(LISTED ENTRIES begins)

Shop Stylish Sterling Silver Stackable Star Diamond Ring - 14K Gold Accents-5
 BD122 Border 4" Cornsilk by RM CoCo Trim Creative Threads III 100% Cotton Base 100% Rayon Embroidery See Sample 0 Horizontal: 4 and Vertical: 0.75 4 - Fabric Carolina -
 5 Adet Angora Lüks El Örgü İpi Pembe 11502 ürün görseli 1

(LISTED ENTRIES ends)
(LISTED ENTRIES begins)

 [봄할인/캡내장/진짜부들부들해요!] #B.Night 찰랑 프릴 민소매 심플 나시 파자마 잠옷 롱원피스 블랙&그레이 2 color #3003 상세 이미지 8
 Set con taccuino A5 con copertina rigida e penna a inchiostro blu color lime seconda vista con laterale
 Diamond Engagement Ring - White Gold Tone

(LISTED ENTRIES ends)

From the listing above, output exactly the run of lines that starts with the line containing "Cornsilk by RM" and ends with the line containing "5 Adet Angora".

 BD122 Border 4" Cornsilk by RM CoCo Trim Creative Threads III 100% Cotton Base 100% Rayon Embroidery See Sample 0 Horizontal: 4 and Vertical: 0.75 4 - Fabric Carolina -
 5 Adet Angora Lüks El Örgü İpi Pembe 11502 ürün görseli 1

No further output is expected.